Who will win the battle of the fast food?

I was lucky enough to spend my spring break on the West Coast of the United States of America attempting to discover the taste of freedom. Obviously I was already aware of certain significant differences: portion sizes and the American love affair with pumpkin, cinnamon, and Mexican food, just to name a few.

I spent my two weeks on a foodie mission to devour everything that the Home of The Brave had to offer. Unexpectedly, my biggest discovery was not the differences in the food itself, but the restaurant culture instead. It seems to me that unlike here in the UK, incredible food does not have to come from incredibly expensive or fancy restaurants. This was quite a steep learning curve as it meant we would end up eating at places that I was quietly convinced would give me food poisoning. However, since natives were showing me around I had no choice but to entrust them with my digestive welfare. It’s a good thing I did, because I had meals I never would have eaten had I not been taken to certain places.

The first of these places was a garish shack called Brazil Café where I had a surprisingly delicious steak sandwich smothered in salsa verde. From then on I spent my days eating at dubiously decorated Taquerias. I was staying round the corner from Berkeley’s gourmet ghetto and I discovered gems such as Gregoire’s, a tiny hut that serves gourmet seasonal, French inspired dishes all day, every day that you can eat outside on picnic benches.

This got me to thinking about takeout culture in Britain. Like most of us, I love a good curry or a sweet and sour from my local Chinese but I would never think of takeaway as on option if I were looking for really decent food. For me, a takeaway meal is something I use to satisfy a craving for something greasy, a craving that is often the result of a hangover, and for something more towards gourmet I would have to get dressed into acceptable clothes and blow money at a nice restaurant.

Towards the end of the trip, we went on a road trip all the way up to Portland where there were entire blocks of food carts for us to eat our way through. The one that sticks out in my memory is Nong’s Khao Man Gat where they sell very simple Thai chicken and rice served with a perfect soybean sauce and soup on the side for $8. Even at this point, so far into my trip and surrounded by a plethora of other food carts, I still felt suspicious as I ordered my Khao Man Gat.
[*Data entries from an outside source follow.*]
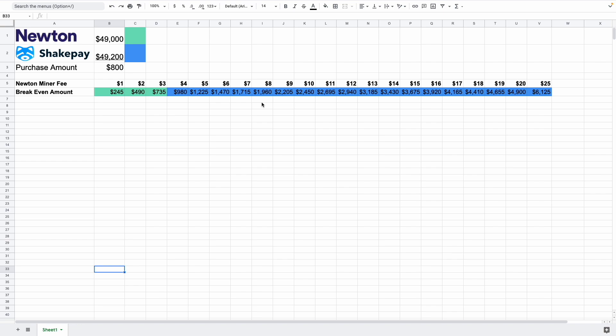Hey there, so in this video I'm going to quickly talk about this calculator here that I created where I compared the fees between Newton and ShakePay when you take into consideration the miner fees.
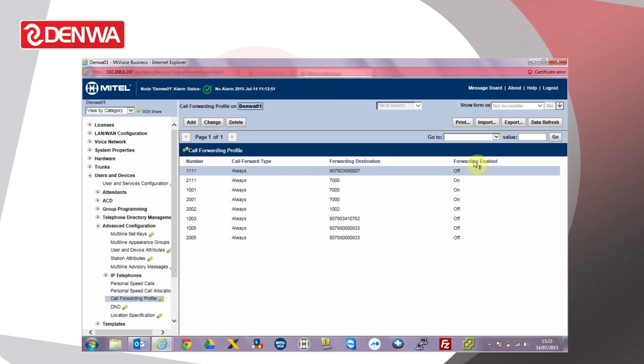You may notice call forward enable is switched to off by default. This means that when we dial extension 1111 the call won't forward. It's usually up to the user to switch forwarding on and off from the super key or the application key on their own extension. We can enable it from here if need be though.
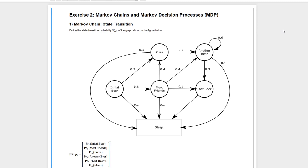Hello and welcome to our second exercise on reinforcement learning. My name is Max Schenke and today we will be speaking about Markov chains.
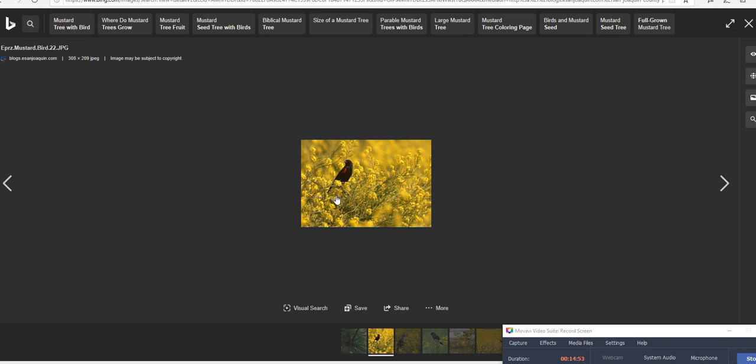We also see that this is literally the smallest crop seed that any Jews would have known at the time, and that the context, with words like spermaton and gay, clearly imply farming and not just general use of seeds. We also see, just for fun, that indeed, when it becomes like a tree, the birds do perch in it.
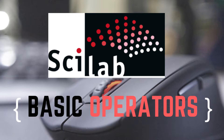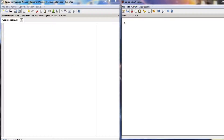Moreover, Scilab can act as a unique platform to bring together code written in different programming languages into a single unified language, facilitating distribution and use. We will focus specifically on basic operators in Scilab. From the operators point of view, Scilab is able to fulfill arithmetic calculations, comparison, and logical operations.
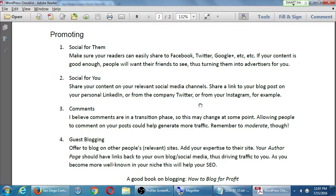So we've thought about what we're writing, we've written a bunch, and still no one is visiting our site. Here's what comes next: Promoting. Social for them, social for you. First — social for them. Make sure your readers can easily share to their Facebook, Twitter, Pinterest, Google+, Instagram, whatever. If your content is good enough, people will want their friends to see it — turning your readers into advertisers for you. On InvestorJunkie, I read a particular article — 'Why I Don't Budget: Three Things You Should Focus on Instead' — that's such a great article, I want to share it. It shows 24 shares to Facebook, 15 to Twitter, 9 to LinkedIn.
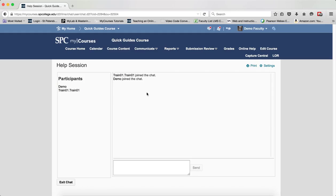In the middle is where the chat goes on, and the bottom is where you type in your message and hit Enter.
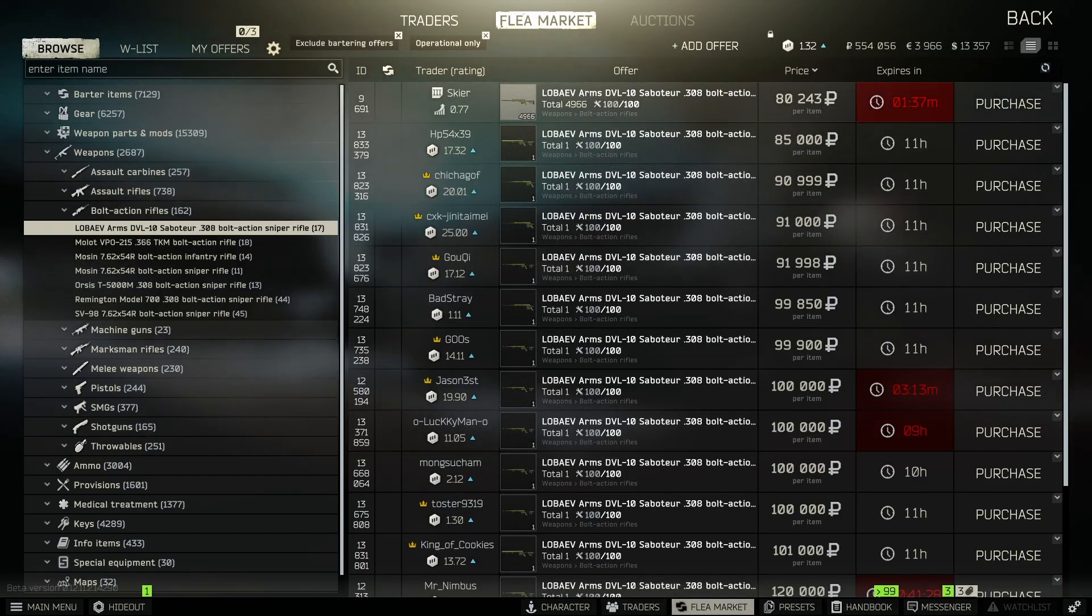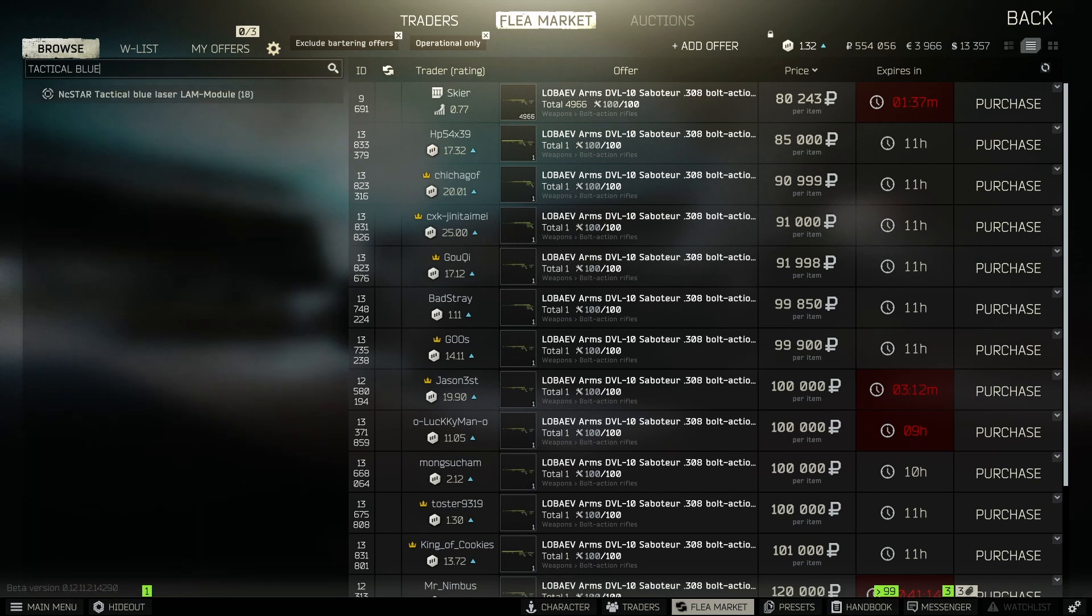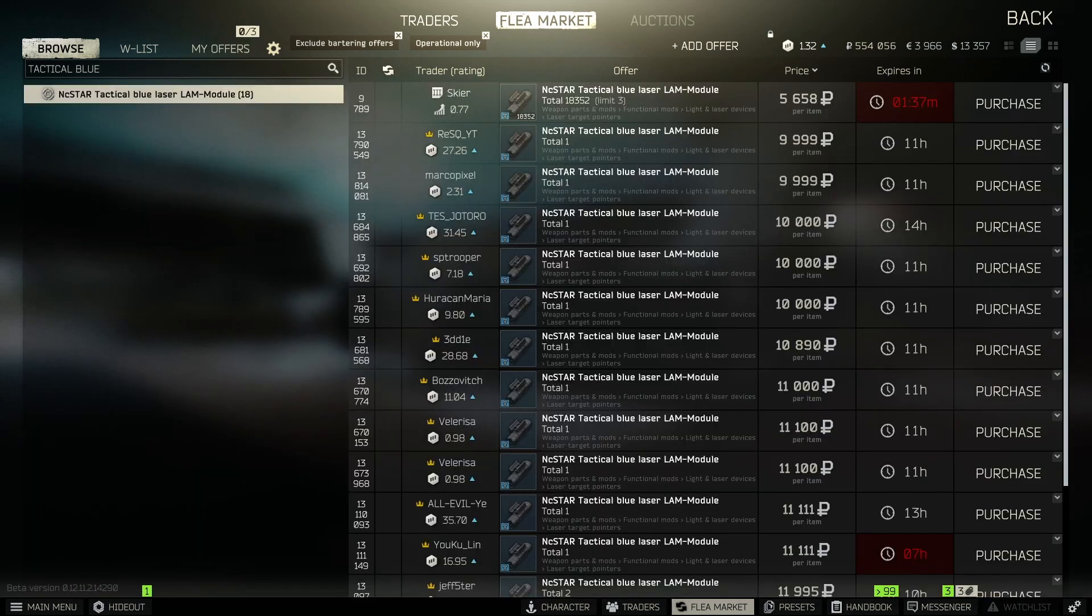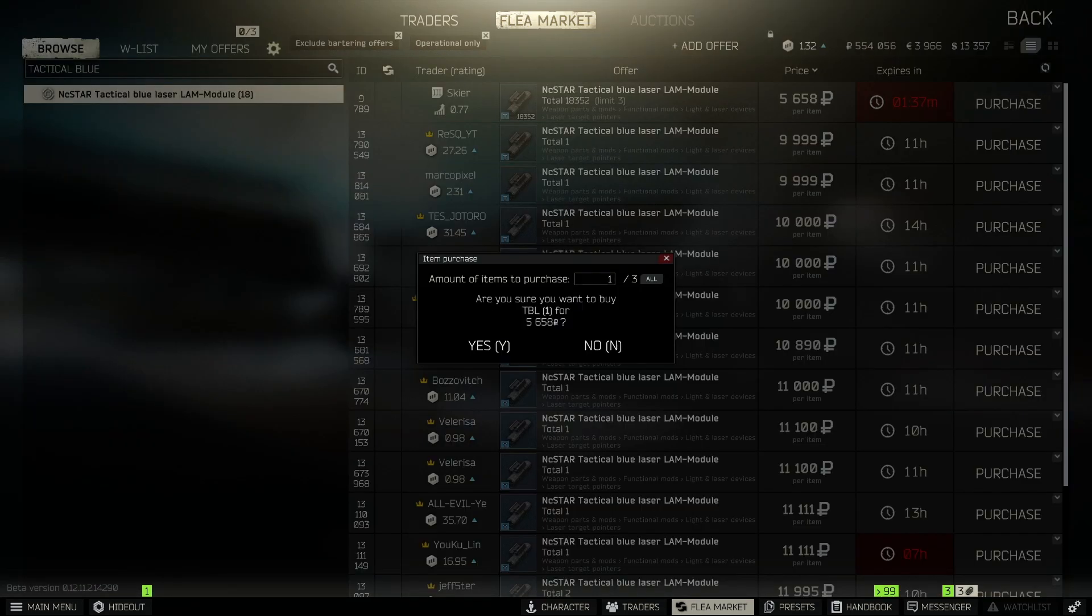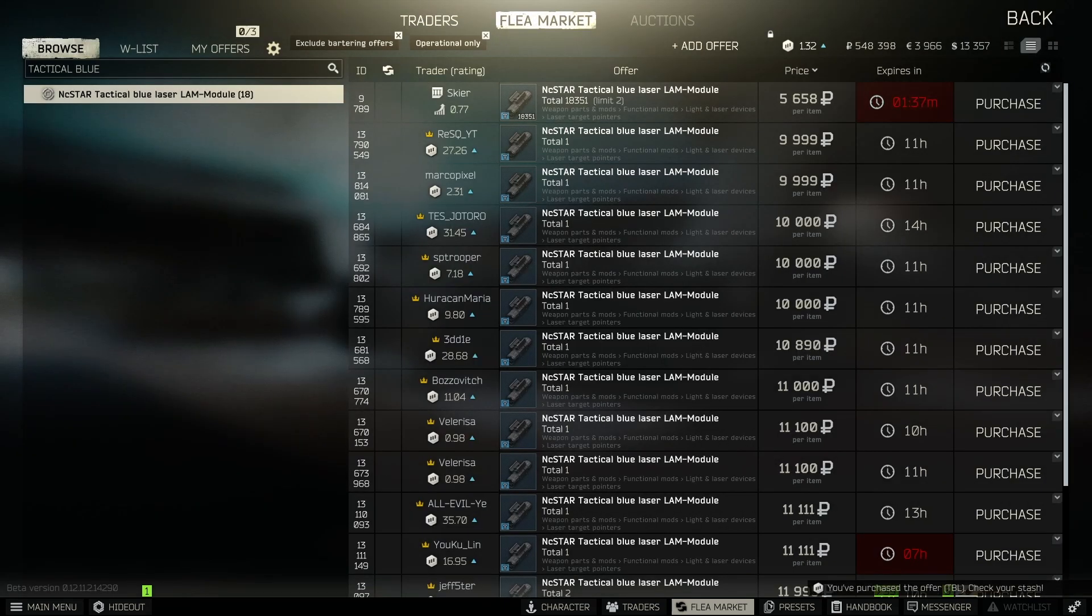Alright, we're doing Gunsmith Part 5. This one we need to pick up a DVL-10, you can pick it up from the flea market. I believe there's a barter for it, but I don't believe I'm high enough for that barter yet. So next thing you need is the Instar Tactical Blue Light.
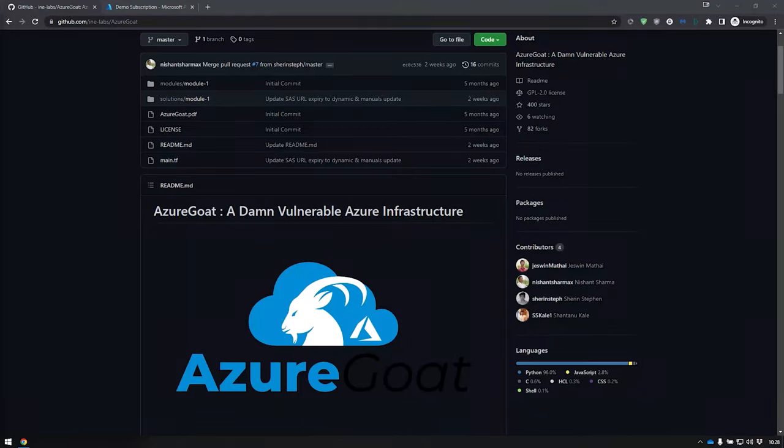Hello everybody, welcome to another video. Today we're going to look at something pretty awesome: Azure Goat.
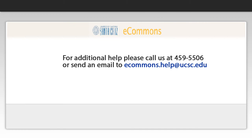For additional help, please call us at 459-5506 or send an email to eCommons.help at ucsc.edu.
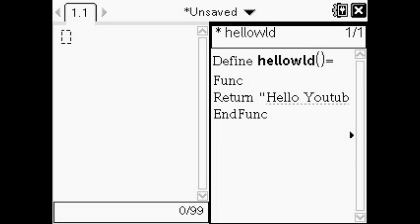You want to type in Return with a capital R because this is case sensitive. Then you've got to put what you want it to return in quotation marks, so just say hello or something.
I am aware that I may be a particularly cautious Brit, some could even say neurotic, but this definitely stems from a greater cultural mind-set. Other elements of North American dining culture such as coffee shops have slowly been finding their place in the United Kingdom, but I am not sure whether there is room for such a thing as gourmet ghettos and great food carts, or at least I cannot imagine them on any of the high streets I know. There are already a few companies making the most of this gap in the market, such as Leon with their ‘naturally fast food’, but only time will tell whether such a style could become anything more than niche.